Fiolent ‘God’s Country’
There are many sacred and mysterious places in Crimea. The Tauris are the earliest tribes that inhabited this peninsula and written about by Herodotus. They had their sanctuaries with altars built on very high cliffs from which it was possible to throw their victims. It is assumed that the Tauris had them high up, so that smoke from them could be seen for other tribesmen and warn them of any danger.
Cape Fiolent (Parthenium) for the Tauris it was one of those places where they beheaded captive travelers and offered sacrifices to the goddess Virgo. Some altars were also in Kara-Dag and Novy Svet and as a rule, in the most beautiful places, perhaps because nature beauty is such that most people believe there must be a creator. That is why tribes all over the world from time immemorial created their own gods.

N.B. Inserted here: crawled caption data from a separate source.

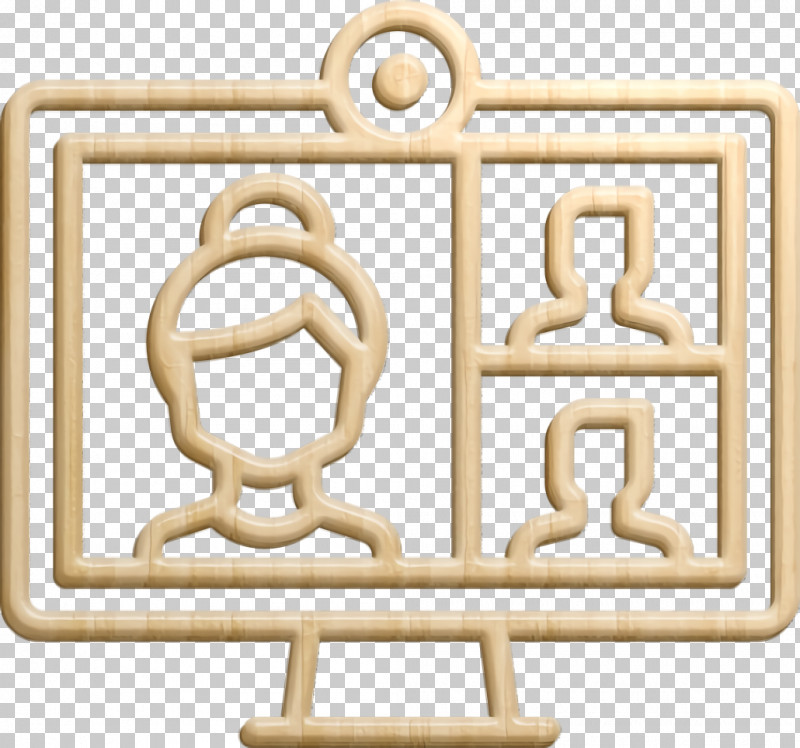 Video Call Icon Webcam Icon E-learning Icon PNG, Clipart, E Learning Icon, Geometry, Line, Mathematics, Meter Free PNG Download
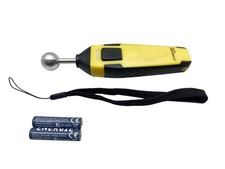 Humidimètre TROTEC BM31WP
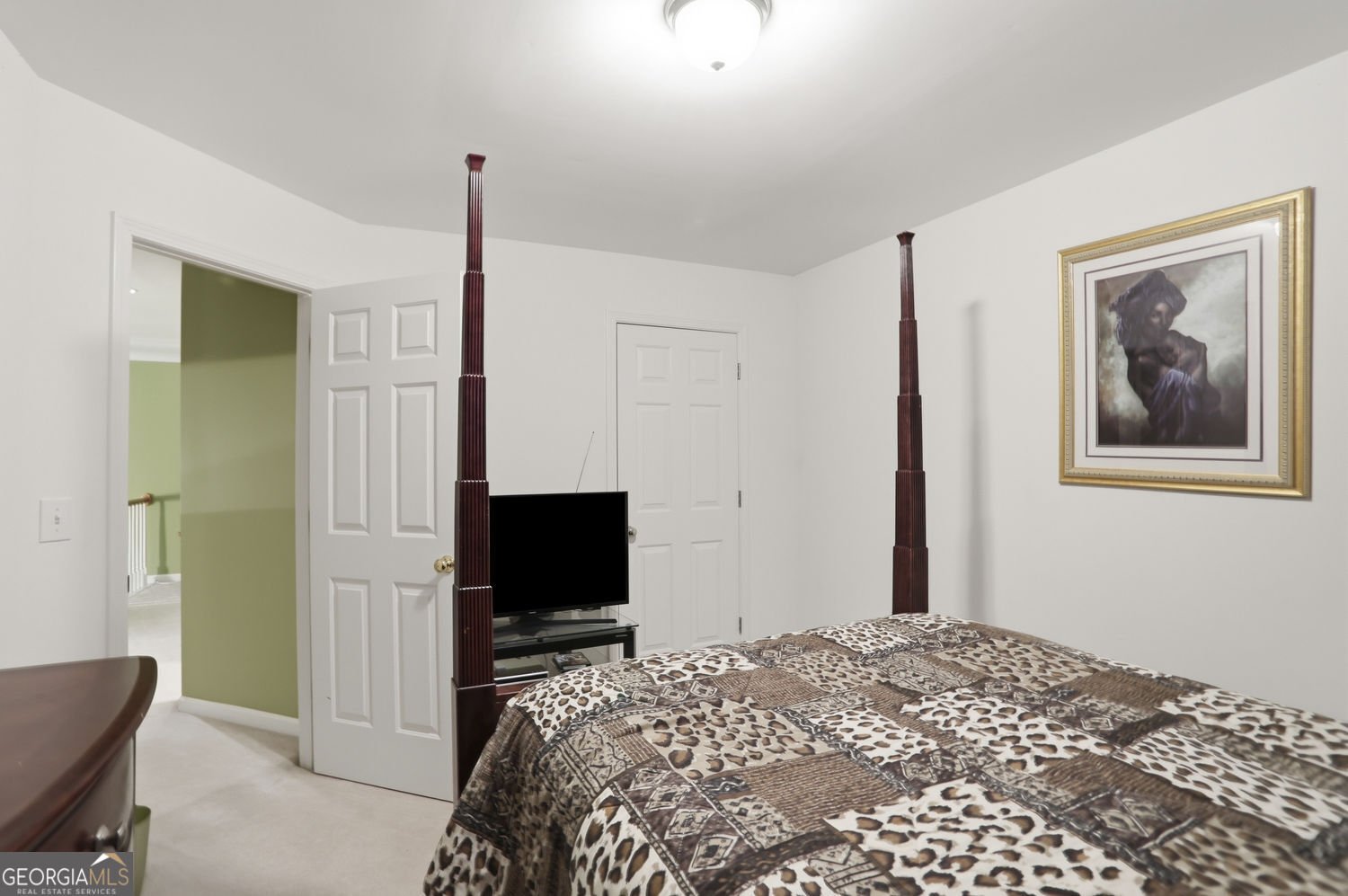 632 Grande View Stone Mountain - Photo 19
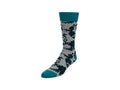 grey_teal - Quarter View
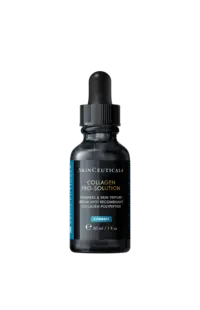 SkinCeuticals Collagen-Pro Solution Serum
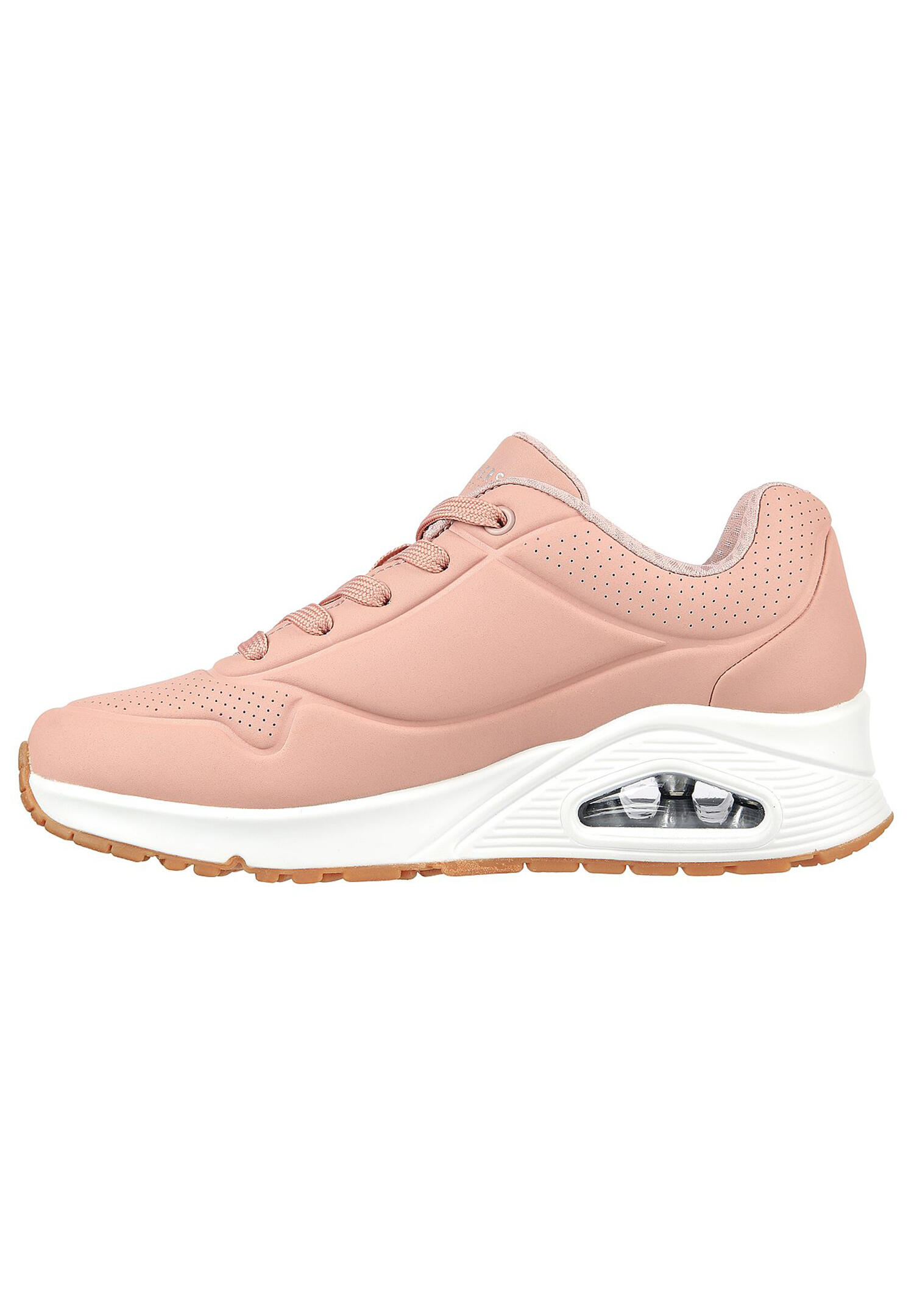 Schoenen universeel voor vrouwen Skechers Unostand ON Air 5/7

Cape Fiolent known as the ‘God’s country’ is derived from the ancient Greeks, who founded their colonies on the shores of the Crimea after the Tauris. They believed that in this place there was a temple of the goddess Artemis. Where else, if not on the Fiolent should there be a holy place? Today, on the top of the cliffs way above the sea, there is an Orthodox Monastery known as St. George, restored on the site of an older one destroyed by an earthquake in 1927. The history of this place is full of legends about deities, prophets and saints.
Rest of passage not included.